Cooperation among different axon guidance cues, each one providing information in a single direction, has best explained axon pathfinding in three-dimensional space 15. The novel findings of Song et al. 7 instead delineates an alternative and efficient mechanism, in which a single guidance cue can simultaneously provide multidirectional information, somewhat resembling morphogens endowing cells with positional information during patterning events 16. This novel view raises additional questions, for example, whether other morphogenetic signaling pathways have similar multidirectional guidance activity. This possibility is particularly attractive in the case of Wnt signaling because the outgrowth of the raphe-spinal axons along the brainstem apparently occurs under the influence of an attractive Wnt5 gradient 17. An anteriorhigh to posteriorlow gradient of Wnt ligands is also present in the ventral spinal cord (Figure 1A), making worthwhile investigating whether Wnts cooperate with Shh in positioning raphe-spinal axons within the spinal cord. Wnt/Shh cooperation has a precedent in the guidance of chick post-crossing commissural axons (Figure 1B). Furthermore, Wnt participation could explain why a proportion of raphe-spinal axons still follow the right path in embryos, in which Shh signaling is altered.
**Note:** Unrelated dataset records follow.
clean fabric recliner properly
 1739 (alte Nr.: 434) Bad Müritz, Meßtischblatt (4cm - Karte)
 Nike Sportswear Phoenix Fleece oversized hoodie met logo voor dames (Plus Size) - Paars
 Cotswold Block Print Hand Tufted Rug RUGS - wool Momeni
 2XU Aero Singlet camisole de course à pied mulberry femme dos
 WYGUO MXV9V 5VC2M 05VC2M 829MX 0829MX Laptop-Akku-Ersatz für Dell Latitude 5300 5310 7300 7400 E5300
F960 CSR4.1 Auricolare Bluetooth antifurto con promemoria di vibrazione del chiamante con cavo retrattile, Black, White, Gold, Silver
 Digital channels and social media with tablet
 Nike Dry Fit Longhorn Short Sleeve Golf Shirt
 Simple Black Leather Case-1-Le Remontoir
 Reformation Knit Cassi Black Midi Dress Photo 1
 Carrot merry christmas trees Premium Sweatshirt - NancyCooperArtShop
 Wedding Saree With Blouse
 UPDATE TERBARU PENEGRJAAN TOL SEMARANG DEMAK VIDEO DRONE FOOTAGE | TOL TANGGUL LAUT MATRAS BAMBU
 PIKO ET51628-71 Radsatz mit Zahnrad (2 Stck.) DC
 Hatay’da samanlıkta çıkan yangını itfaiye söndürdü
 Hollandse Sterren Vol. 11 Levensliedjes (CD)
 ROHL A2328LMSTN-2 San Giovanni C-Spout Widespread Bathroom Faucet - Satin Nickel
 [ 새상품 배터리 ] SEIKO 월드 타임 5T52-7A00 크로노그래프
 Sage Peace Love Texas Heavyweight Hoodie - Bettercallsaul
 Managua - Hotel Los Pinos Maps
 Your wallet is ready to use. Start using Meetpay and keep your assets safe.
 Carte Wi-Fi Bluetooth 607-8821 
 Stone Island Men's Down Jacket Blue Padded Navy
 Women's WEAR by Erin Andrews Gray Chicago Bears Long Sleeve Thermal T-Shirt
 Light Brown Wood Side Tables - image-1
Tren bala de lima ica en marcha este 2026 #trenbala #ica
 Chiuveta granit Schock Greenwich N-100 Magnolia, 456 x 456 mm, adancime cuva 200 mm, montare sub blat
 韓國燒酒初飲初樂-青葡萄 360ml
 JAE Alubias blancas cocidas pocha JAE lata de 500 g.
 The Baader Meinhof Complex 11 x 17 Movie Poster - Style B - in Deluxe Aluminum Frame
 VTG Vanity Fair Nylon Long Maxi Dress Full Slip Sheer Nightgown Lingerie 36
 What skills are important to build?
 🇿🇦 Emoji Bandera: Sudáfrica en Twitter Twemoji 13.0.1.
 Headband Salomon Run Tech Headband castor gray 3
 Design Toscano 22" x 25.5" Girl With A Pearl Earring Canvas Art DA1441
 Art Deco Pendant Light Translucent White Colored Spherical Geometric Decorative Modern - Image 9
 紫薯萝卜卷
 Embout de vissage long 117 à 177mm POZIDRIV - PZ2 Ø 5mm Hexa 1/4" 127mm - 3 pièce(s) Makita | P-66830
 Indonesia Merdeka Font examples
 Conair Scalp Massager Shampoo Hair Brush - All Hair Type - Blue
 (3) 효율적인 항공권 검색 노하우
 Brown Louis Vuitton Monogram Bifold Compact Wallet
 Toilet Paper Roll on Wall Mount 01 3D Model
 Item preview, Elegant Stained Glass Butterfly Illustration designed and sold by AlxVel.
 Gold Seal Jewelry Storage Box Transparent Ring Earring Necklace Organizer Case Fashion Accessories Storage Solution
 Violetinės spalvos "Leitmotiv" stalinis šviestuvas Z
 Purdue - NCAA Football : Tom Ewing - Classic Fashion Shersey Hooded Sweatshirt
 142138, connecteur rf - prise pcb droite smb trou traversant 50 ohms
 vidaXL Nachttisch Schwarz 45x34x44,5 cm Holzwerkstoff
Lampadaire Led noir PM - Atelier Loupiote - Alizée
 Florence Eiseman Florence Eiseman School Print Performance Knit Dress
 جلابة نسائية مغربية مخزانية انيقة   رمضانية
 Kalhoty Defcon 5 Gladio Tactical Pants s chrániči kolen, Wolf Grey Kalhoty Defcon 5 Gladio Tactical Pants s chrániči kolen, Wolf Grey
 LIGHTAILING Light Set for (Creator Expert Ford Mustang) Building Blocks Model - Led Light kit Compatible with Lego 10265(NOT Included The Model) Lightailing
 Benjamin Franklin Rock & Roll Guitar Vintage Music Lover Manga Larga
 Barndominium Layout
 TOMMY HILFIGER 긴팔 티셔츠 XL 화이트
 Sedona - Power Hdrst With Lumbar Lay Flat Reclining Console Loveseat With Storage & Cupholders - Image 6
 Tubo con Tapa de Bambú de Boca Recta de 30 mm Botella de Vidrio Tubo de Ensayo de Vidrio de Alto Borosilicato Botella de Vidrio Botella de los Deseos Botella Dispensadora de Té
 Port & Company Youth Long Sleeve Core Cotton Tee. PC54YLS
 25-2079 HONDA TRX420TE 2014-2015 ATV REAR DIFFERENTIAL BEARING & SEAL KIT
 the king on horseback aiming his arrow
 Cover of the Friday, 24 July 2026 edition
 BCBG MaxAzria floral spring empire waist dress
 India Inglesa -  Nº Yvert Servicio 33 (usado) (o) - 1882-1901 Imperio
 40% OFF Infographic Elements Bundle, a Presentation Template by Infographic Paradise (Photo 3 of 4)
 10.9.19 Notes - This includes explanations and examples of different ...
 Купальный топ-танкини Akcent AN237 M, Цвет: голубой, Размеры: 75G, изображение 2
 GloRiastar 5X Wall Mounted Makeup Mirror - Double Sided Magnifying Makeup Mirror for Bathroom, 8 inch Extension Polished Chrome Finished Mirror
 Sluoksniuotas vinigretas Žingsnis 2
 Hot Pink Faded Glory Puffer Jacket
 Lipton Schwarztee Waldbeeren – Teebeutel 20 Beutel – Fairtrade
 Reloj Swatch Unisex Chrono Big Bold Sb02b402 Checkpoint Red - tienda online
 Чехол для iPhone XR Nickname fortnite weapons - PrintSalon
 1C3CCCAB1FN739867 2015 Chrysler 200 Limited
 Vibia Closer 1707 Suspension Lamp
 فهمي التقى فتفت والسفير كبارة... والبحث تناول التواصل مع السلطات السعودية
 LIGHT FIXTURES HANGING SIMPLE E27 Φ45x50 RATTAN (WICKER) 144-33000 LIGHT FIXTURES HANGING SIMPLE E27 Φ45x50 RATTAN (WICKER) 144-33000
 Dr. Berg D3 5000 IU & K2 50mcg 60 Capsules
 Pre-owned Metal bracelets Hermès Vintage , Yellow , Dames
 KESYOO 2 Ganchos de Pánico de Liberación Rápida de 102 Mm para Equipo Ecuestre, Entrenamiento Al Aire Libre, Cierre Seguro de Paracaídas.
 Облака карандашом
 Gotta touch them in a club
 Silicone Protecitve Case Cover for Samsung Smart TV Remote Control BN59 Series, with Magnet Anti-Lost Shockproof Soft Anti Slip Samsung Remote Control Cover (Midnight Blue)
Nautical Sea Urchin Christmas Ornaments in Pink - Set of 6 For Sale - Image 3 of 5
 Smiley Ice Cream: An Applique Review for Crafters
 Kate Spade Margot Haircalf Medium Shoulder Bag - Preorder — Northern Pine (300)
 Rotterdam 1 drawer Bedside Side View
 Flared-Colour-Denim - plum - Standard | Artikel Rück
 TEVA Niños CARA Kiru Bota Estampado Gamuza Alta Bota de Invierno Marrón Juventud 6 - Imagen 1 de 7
Multidirectional guidance by a single signal also raises the perhaps general question of how each individual axon senses the absolute concentration of a given guidance cue and interprets it accordingly. An important contributing factor might be the type and level of surface receptors present in each growth cone 14. As mentioned above, Shh reception involves different transmembrane proteins that appear to interact with Ptch 13, even though it is unclear whether and how this interaction modifies signal transduction. Expression of Boc, Hip or Gas1, which have also been implicated in axon guidance 14, might participate in Shh-mediated repulsion of caudal raphe neurons, providing a possible alternative explanation for the incomplete penetrance of the raphe-spinal tract phenotype after alteration of Shh signaling in vivo.

Independently of multidirectionality, the study of Song et al. 7 points to a puzzling species-specific difference in Shh-mediated guidance of longitudinal axon tracts in the spinal cord. In chick, post-crossing commissural axons grow anteriorly forced by a caudalhigh Shh gradient 5, whereas raphe-spinal axons descend the spinal cord under a similar repellent activity but mediated by an opposite Shh gradient 7 (Figure 1B and 1C). Although temporal dynamics may explain these differences, as suggested by Song et al. 7, it will be interesting to undertake a simultaneous evaluation of commissural and raphe-spinal axon behavior in response to Shh signaling manipulations in both chick and mouse embryos.